There's a giant planet right here, hiding in our Solar System. One that nobody has ever seen, even while it is four times larger than Jupiter and has rings and moons orbiting it. At least, that's what two astrophysicists say.

The name of the planet is Tyche. The scientists are John Matese and Daniel Whitmire, from the University of Louisiana at Lafayette. According to them, this colossus is hiding in the Oort Cloud—the asteroid beehive that forms the outer shell of our home system, one light-year in radius. They claim that data already captured by NASA's Wide-field Infrared Survey Explorer proves its existence. It only needs to be analyzed... over the next two years.

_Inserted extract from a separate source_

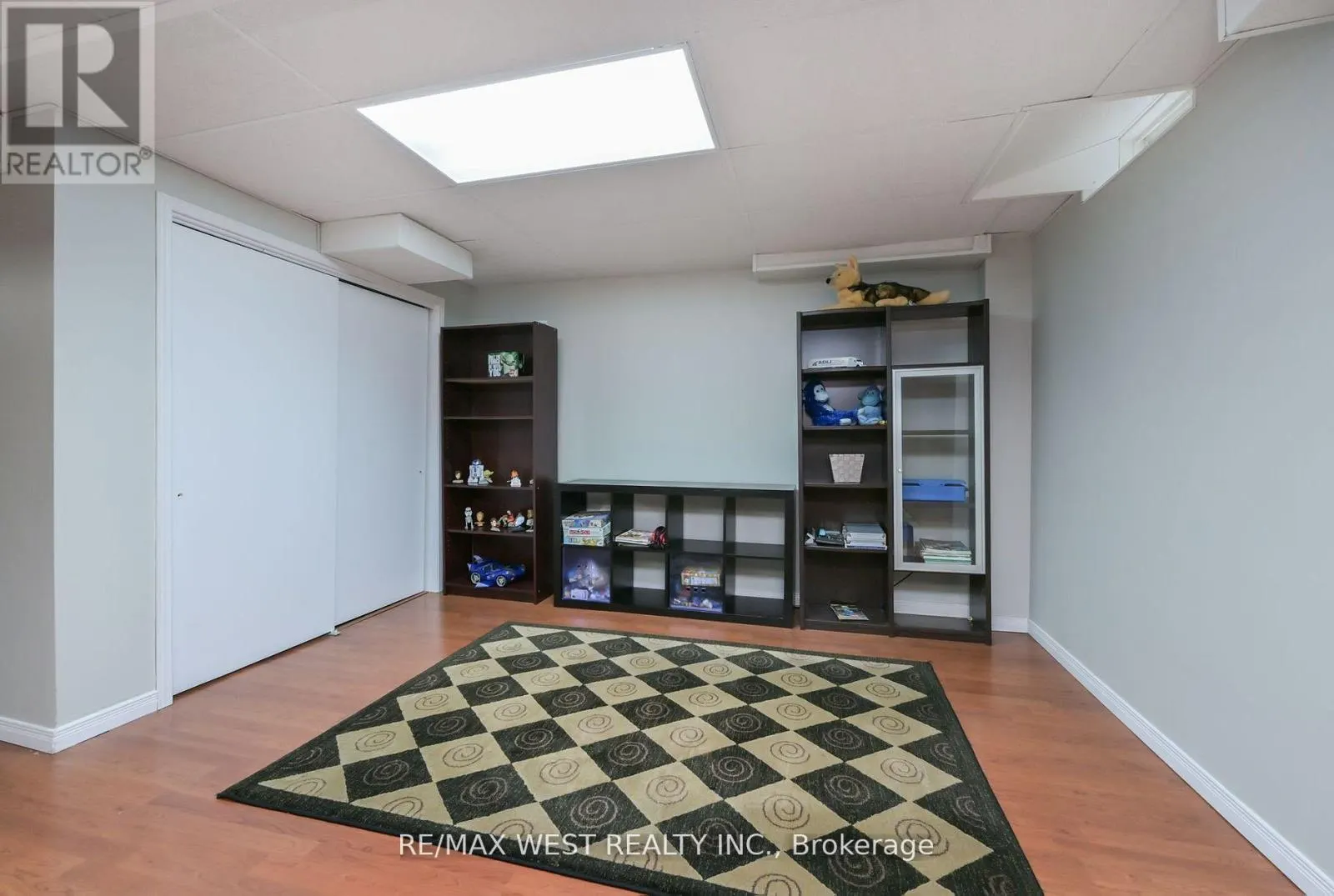 32 CRESTRIDGE DRIVE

Matese and Whitmire are convinced that Tyche is very real now, however. 15,000 times farther from the Sun than Earth, Tyche would be made mostly of hydrogen and helium. The titanic planet would orbit the Sun with moons and rings around it, bubbling with clouds and storm systems similar to Jupiter. It would even have a mild temperature (-73ºC/-99.4ºF) compared to the asteroids around it, which are almost near absolute zero. Whitmire says that the temperature difference is because a titan of this size takes a long time to cool off after its formation.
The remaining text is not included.